Table of Contents
1. Introduction
2. History and Evolution of Ethereum Sharding
2-1. Early Ethereum sharding efforts: Hypercubes, Hub and Spoke Chains, Super Quadratic Sharding, Quadratic Sharding
2-2. The pursuit of simplicity and pragmatism: Full execution sharding → Data sharding
3. Danksharding
3-1. Danksharding, a new blockchain architecture for data sharding
3-2. Minimizing centralization: PBS (Proposer Builder Separation) and crList
3-3. Ensuring scalability and trust: DAS, Erasure Coding, and KZG Commitments
4. EIP-4844: Proto-Danksharding
4-1. EIP-4844, the cornerstone of Danksharding
4-2. Simply reducing calldata cost can cause block size issues
4-3. Structure and creation of blob transactions
5. Impact of EIP-4844 on Rollup Costs
5-1. DA (L1 publication) costs currently account for over 90% of total rollup costs
5-2. With the implementation of EIP4844, the DA cost of rollups is expected to be almost free, and a significant increase in the blob fee would require the demand for rollups to grow by more than 10 times
5-3. Changing the cost structure of blobs is being actively discussed within the Ethereum community
6. Closing Thoughts
Annotation) Types of Ethereum data storage
A1. The main storage spaces in EVM are categorized as Storage, Memory, Stack, and Calldata
A2. The space used by rollups is called Calldata
1. Introduction
Alphas are hidden in EIPs. In a month before and after the EIP-1559 (London), EIP-3675 (The Merge), and EIP-4895 (Shanghai) upgrades, ETH prices rose 10% to 80%. Now, the next upgrade is the Deneb-Cancun-combined Dencun hard fork, scheduled for the end of this year. And the most noted upgrade in Dencun is the EIP-4844, a.k.a. Proto-Danksharding, the very first step toward implementing Ethereum’s sharding roadmap and a proposal that will dramatically reduce the operational cost of rollups.

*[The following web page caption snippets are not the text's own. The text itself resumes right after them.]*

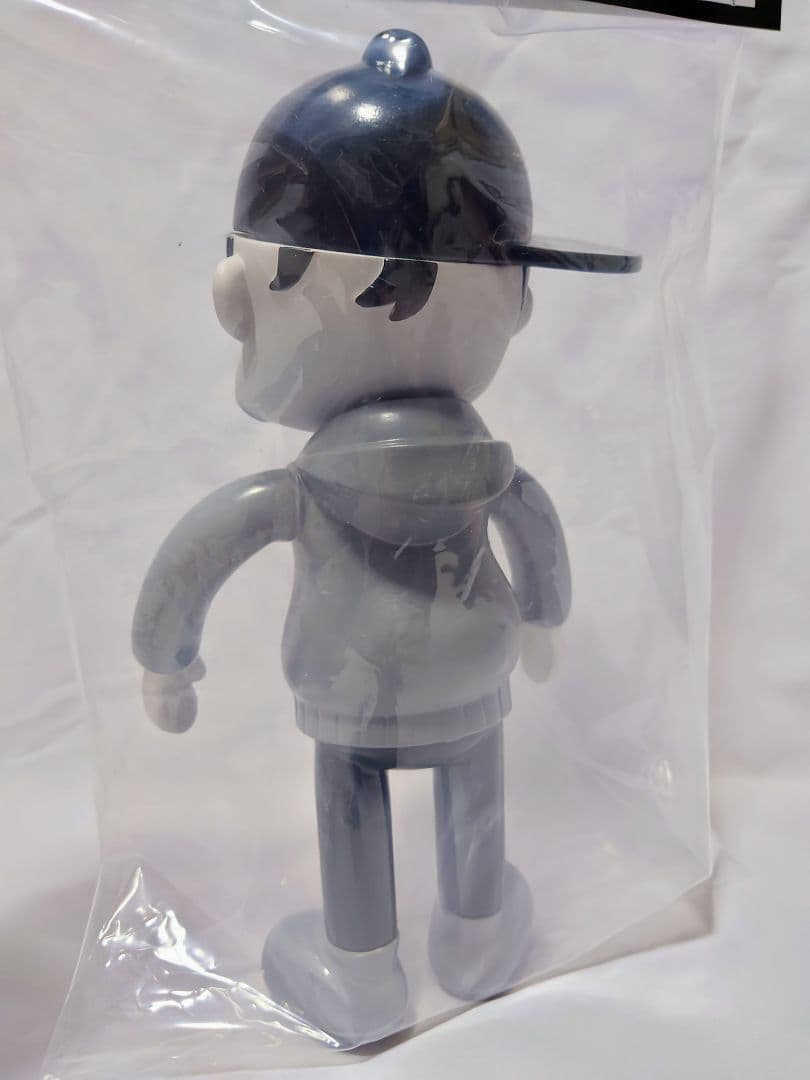 696BOY HEADLOCKSTUDIO zollmen IZUMONSTER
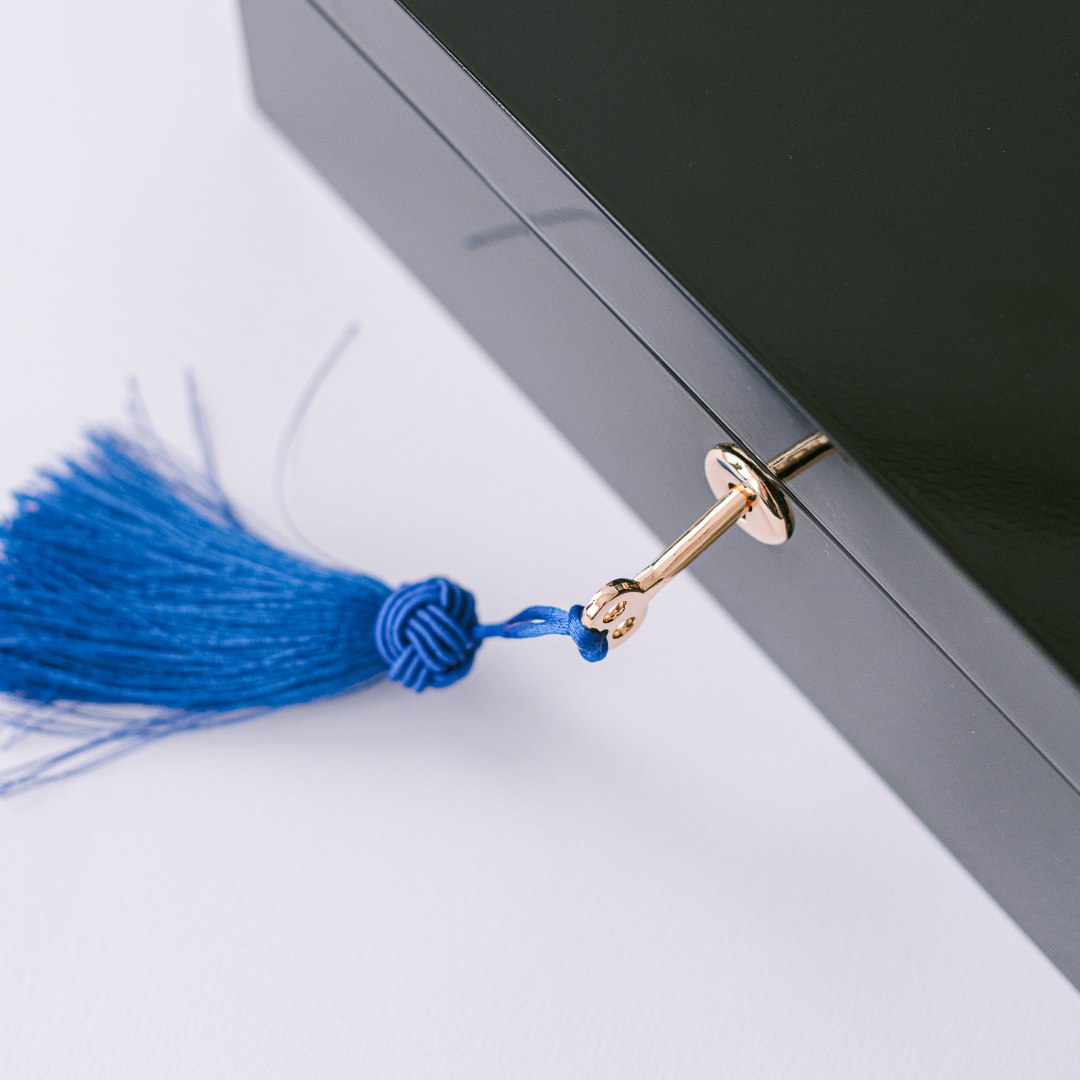 Good Juju Ink - Vente Assortiments de papeterie/cartes - Ensemble de papeterie Coffret laqué éclairé avec motifs crânes3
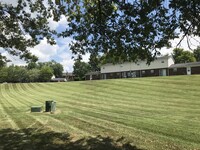 Valley Ridge Apartments in New Albany, IN - Foto de edificio - Building Photo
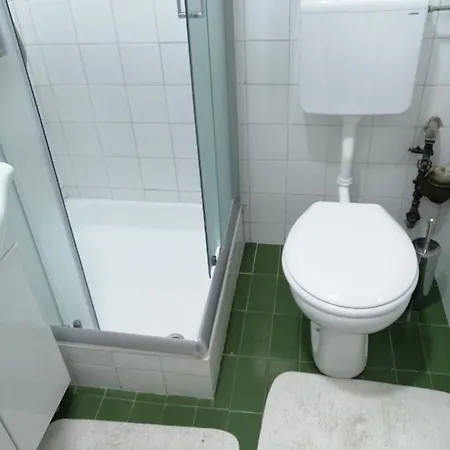 Lara Apartament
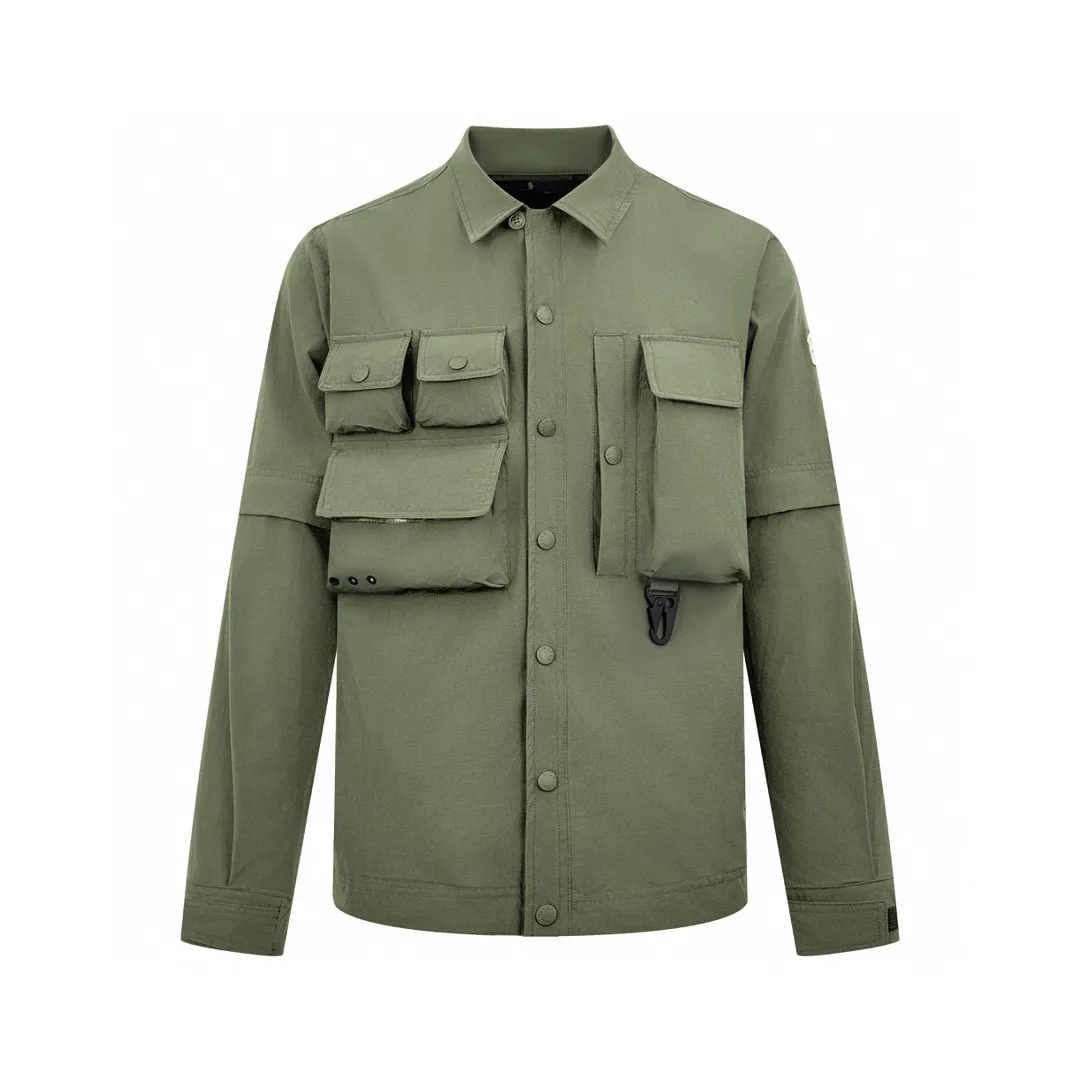 P640 Exclusive supply] Moncler Grenoble multifunctional outdoor jacket (green) Purchased and developed for the original price of 12,500, the fabric is made of custom-dyed double stretch mercerized poplin, custom-dyed soft mesh pongee, excellent texture, comfortable and close to the skin, navy blue inspired by the deep sea, a low-key statement for contemporary gentlemen, precise narrative of functional pocket system, balance of function and aesthetics, iconic Moncler logo on the sleeves, fully recognizable The triangular logo of the same color is hidden into the fabric texture like a mark in the undercurrent of the deep sea. It is extremely invisible and visible. The detachable sleeve design allows for diversified outfits. You can switch styles at will. It is chic and free, showing nobility. It takes into account the balance between outdoor practicality and urban aesthetics, leading fashion. Using the three-in-one process, the glue is first and evenly coated on the surface of the substrate that needs to be composited, and then dried and solidified. Then the substrate coated with the adhesive film is composited with the non-woven fabric, and then cooled and solidified, and then composited with the filtered non-woven fabric. The work is cumbersome and complex, time-consuming and labor-intensive. Embossing composite technology uses computer scanning to ensure that the size and shape of the imprint are consistent with the original, and then uses special glue as an adhesive to combine and then solidify to achieve complete dryness and the best bonding effect. CNC laser burning and cutting is used. Based on the high energy characteristics of the laser, the moving path of the laser beam is precisely controlled by the laser generator to achieve precise cutting of the shape of the piece. Template machine bag opening The preset template guides the position, shape and size of the bag opening. The accuracy ensures the quality of the bag opening effect. Using infrared special machine to nail the buttons, the position is more precise and firm. Size:1-2-3-4
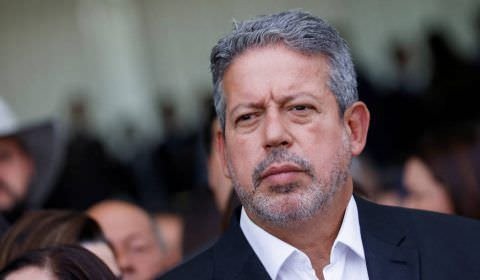 Lira e centrão ficam fortalecidos com PEC da transição articulada por equipe de Lula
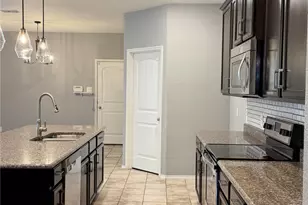 1009 Bruni Ct, Aubrey, TX 76227 - Photo 12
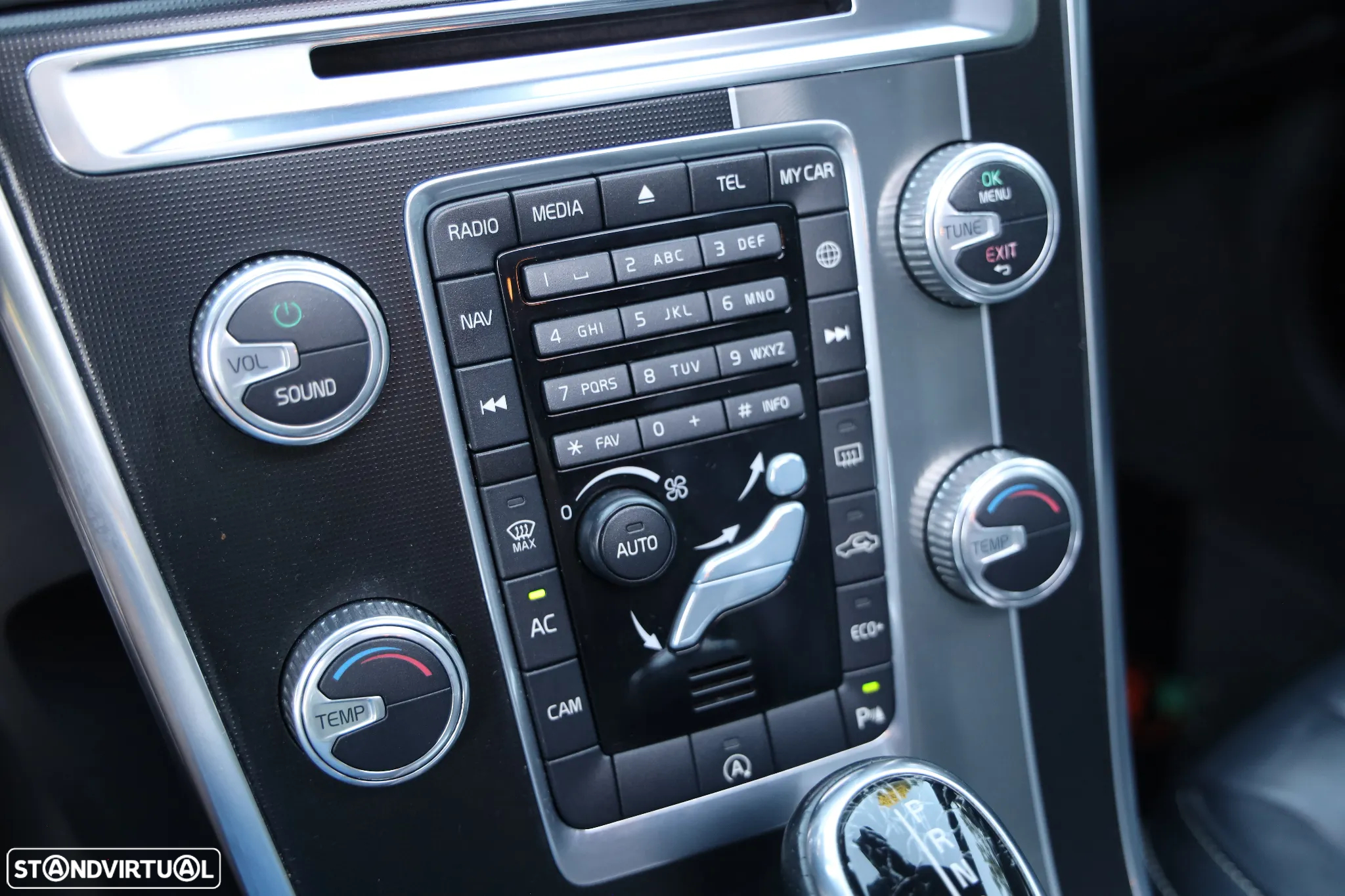 Volvo XC 60 2.0 D4 R-Design Geartronic - 47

This report is set up in two parts. The first follows in the footsteps of Ethereum sharding, exploring how the history of changes in sharding and Ethereum’s long-term vision of Danksharding. And in the second part, we'll look at the structure and implications of Proto-Danksharding and envision how the economic structure of rollups will change after EIP-4844.
2. History and Evolution of Ethereum Sharding
2-1. Early Ethereum sharding efforts: Hypercubes, Hub and Spoke Chains, Super Quadratic Sharding, Quadratic Sharding
In retrospect, the scalability solutions proposed by the nascent Ethereum community such as Hypercubes, Super Quadratic Sharding, and Hub and Spoke Chains were notably audacious and ahead of their time. In particular, hypercube and the hub and spoke chains were proposed by Vitalik in late 2014, before the Ethereum mainnet was even launched. (see “Scalability, Part 2: Hypercubes”). While hub and spoke chains were an early form of today’s Polkadot Relay Chain-Parachain structure, hypercube emerged as an answer to hub and spoke chains; flaws. Hypercube's advantage is improved transaction speed via cross-substate messaging. The model unfortunately was not adopted due to its many attack vectors and complex implementation, but these ideas were later vital in shaping the quadratic sharding* model that appeared on the ETH2 roadmap. Sharding on Ethereum has since undergone three major shifts that made the sharding model we know today.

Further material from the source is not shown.